University: University of Melbourne

The inner-city suburb of Footscray is currently undergoing gentrification and this project provides a model that mediates the effects of gentrification through the provision of an affordable, mixed-tenure, culturally-responsive housing model. Consideration of the existing communities in Footscray and their distinct sociality and relationship with the built environment was fundamental in the development of this design and forms a response that is both specific to the socio-spatial implications of the site and divergent from typical housing models.

An 11 hour multi-modal site analysis was used to establish an understanding of the community within Footscray. Through this, the hyper-sociality of Nicholson St (project location) became apparent and led to the focus on shifting typically internalised parts of the home into the public realm as an affordability mechanism, as well as a means of drawing upon the social character of Footscray.

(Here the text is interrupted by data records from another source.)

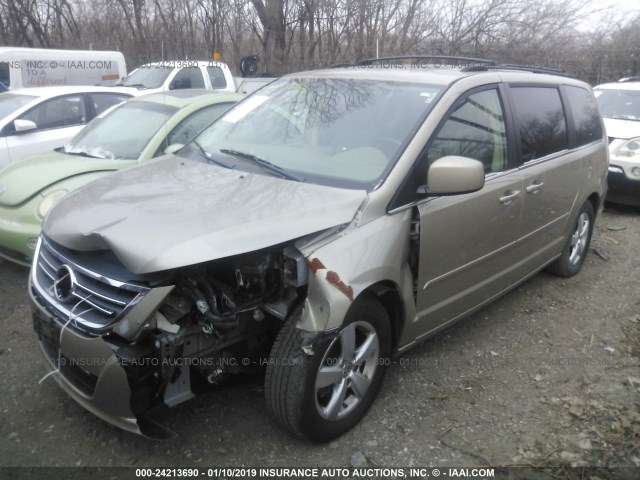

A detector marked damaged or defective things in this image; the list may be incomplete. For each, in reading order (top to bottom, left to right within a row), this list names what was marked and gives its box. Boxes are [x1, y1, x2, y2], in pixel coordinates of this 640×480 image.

crumpled hood [0, 150, 131, 206]
crumpled hood [42, 155, 368, 274]
damaged beige minivan [31, 58, 608, 440]
crumpled hood [604, 118, 640, 141]
damaged front end [30, 234, 310, 436]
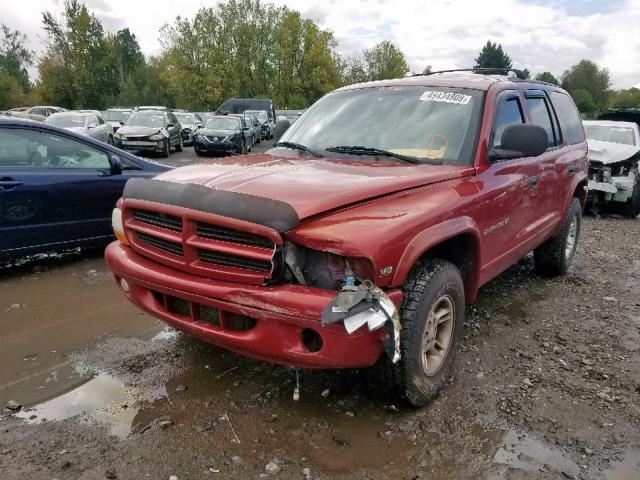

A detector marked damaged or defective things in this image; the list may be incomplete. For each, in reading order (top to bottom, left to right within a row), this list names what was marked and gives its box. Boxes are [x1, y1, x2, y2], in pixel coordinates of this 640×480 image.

crumpled front bumper [105, 242, 400, 370]
wrecked vehicle [107, 71, 588, 406]
damaged red suv [106, 71, 592, 406]
wrecked vehicle [584, 116, 640, 216]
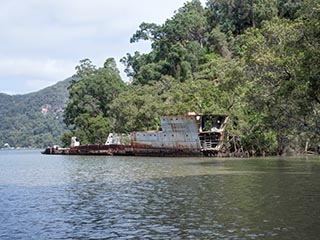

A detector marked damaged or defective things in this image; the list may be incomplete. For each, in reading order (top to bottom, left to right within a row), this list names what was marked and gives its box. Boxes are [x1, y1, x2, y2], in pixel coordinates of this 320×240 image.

rusted ship hull [42, 113, 228, 157]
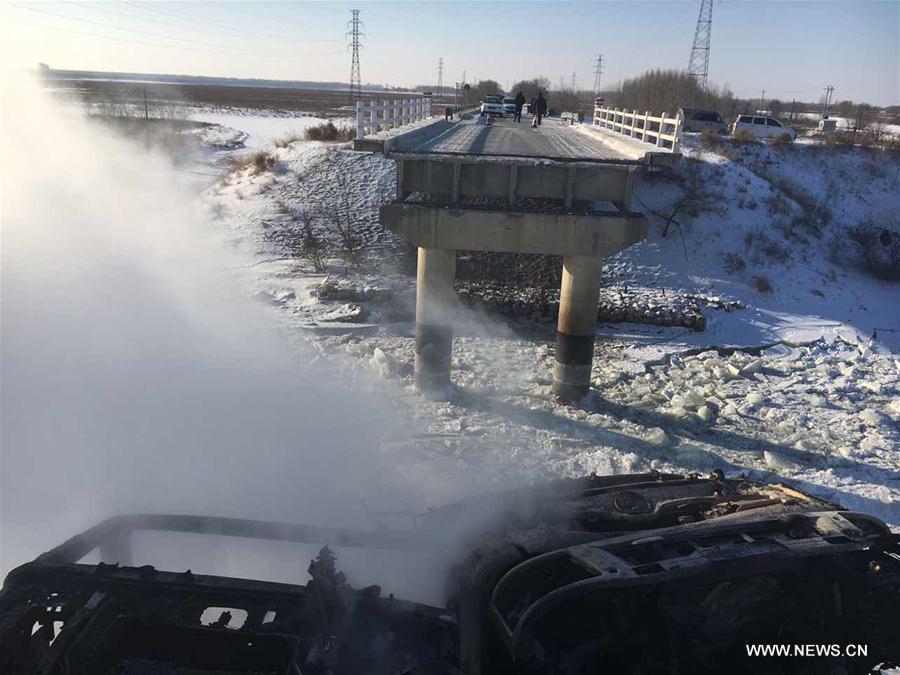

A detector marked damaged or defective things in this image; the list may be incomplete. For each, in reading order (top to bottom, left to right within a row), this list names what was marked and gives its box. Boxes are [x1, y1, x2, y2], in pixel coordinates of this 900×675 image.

burned car wreck [0, 476, 896, 675]
wrecked vehicle [1, 472, 900, 672]
charred car body [1, 472, 900, 672]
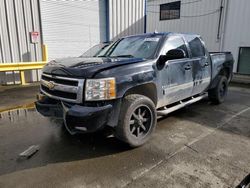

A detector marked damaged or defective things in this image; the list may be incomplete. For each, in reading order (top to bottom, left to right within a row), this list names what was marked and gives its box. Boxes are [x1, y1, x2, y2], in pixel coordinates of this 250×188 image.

cracked headlight [85, 78, 116, 101]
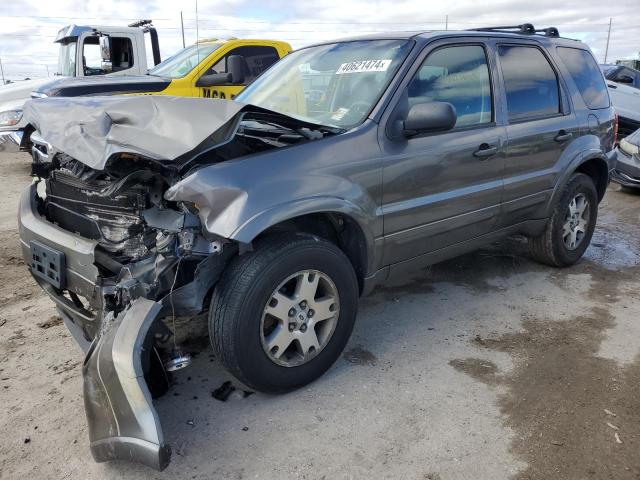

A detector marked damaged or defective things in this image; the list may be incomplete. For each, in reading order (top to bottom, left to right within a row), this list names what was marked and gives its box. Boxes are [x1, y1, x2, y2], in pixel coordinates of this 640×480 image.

broken headlight [0, 109, 22, 126]
crushed hood [23, 95, 248, 171]
detached bumper [608, 149, 640, 188]
detached bumper [18, 186, 171, 470]
damaged fender [84, 298, 171, 470]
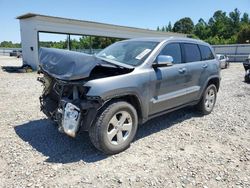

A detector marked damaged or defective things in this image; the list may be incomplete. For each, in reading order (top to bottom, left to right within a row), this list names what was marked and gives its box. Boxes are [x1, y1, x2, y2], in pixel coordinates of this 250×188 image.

damaged suv [38, 37, 220, 154]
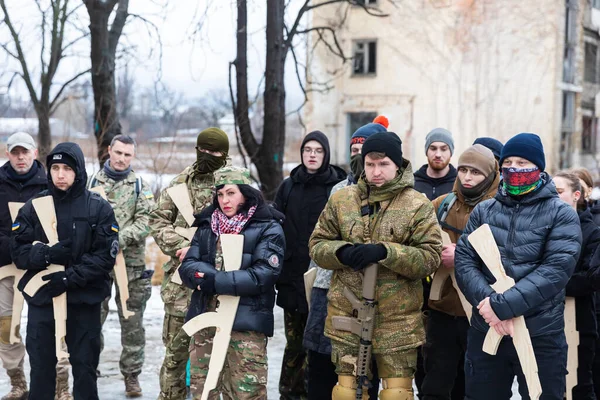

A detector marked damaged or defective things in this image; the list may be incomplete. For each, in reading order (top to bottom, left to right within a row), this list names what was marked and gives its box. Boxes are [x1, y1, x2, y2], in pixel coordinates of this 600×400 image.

broken window [352, 40, 376, 75]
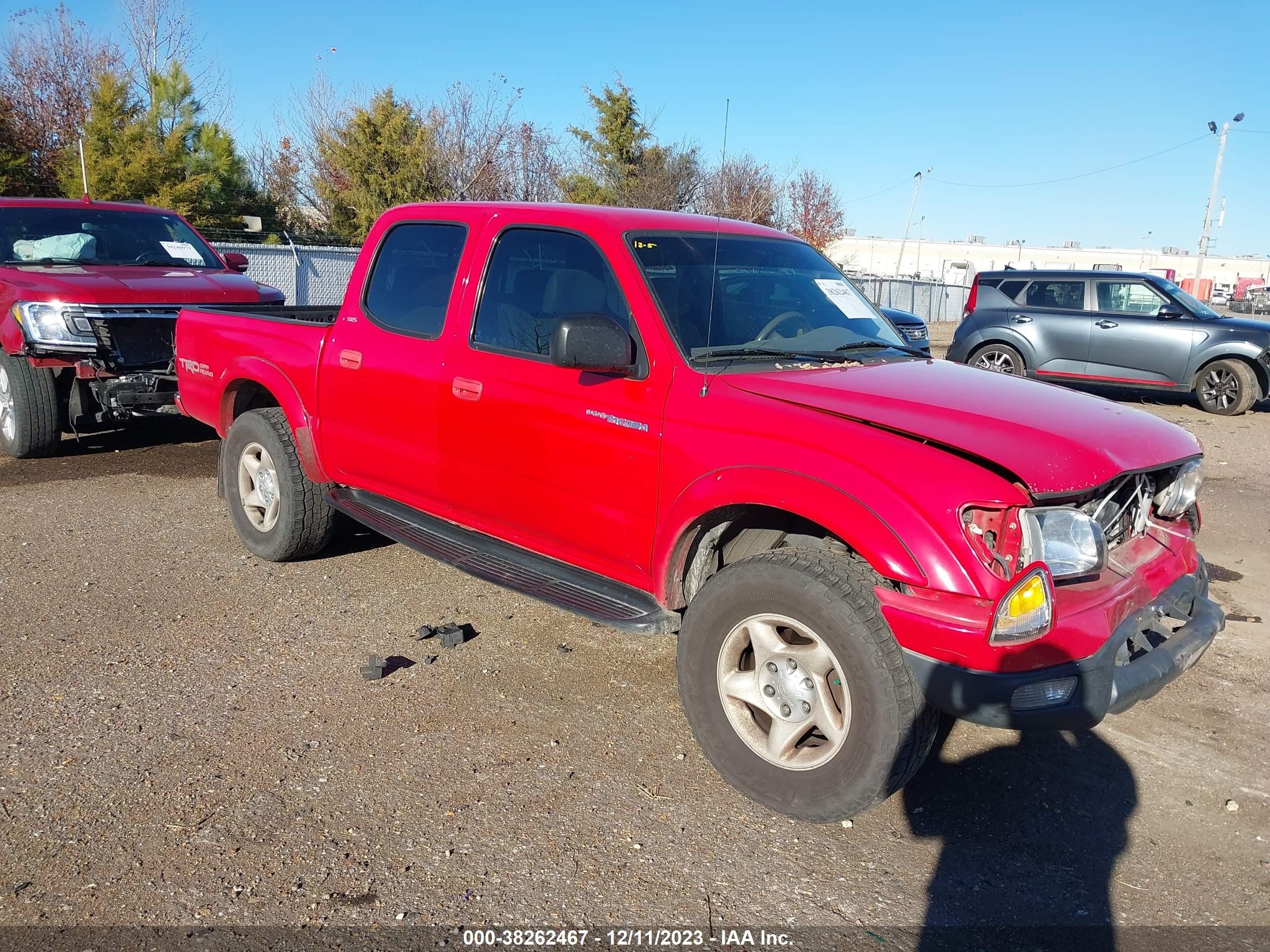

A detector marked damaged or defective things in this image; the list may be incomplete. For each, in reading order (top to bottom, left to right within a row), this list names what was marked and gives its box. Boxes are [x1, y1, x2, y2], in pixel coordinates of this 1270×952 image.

This project explores gradations of privacy and experiments with communal/public aspects of the home by allowing ‘spillage’ onto subsidised circulation space i.e. smaller internal private space in return for expansive external semi-public/public space. Additionally, shared spaces exist amongst apartments; these are socially embedded solutions to affordability.

The complex comprises of several buildings each containing a cluster of apartments that form a unique community. Each individual building is rendered in a different colour giving each community its own distinct personality. Spots of colour from adjacent buildings are carried through to smaller architectural components including doors and lighting alcoves, this acts in visually tying the building together.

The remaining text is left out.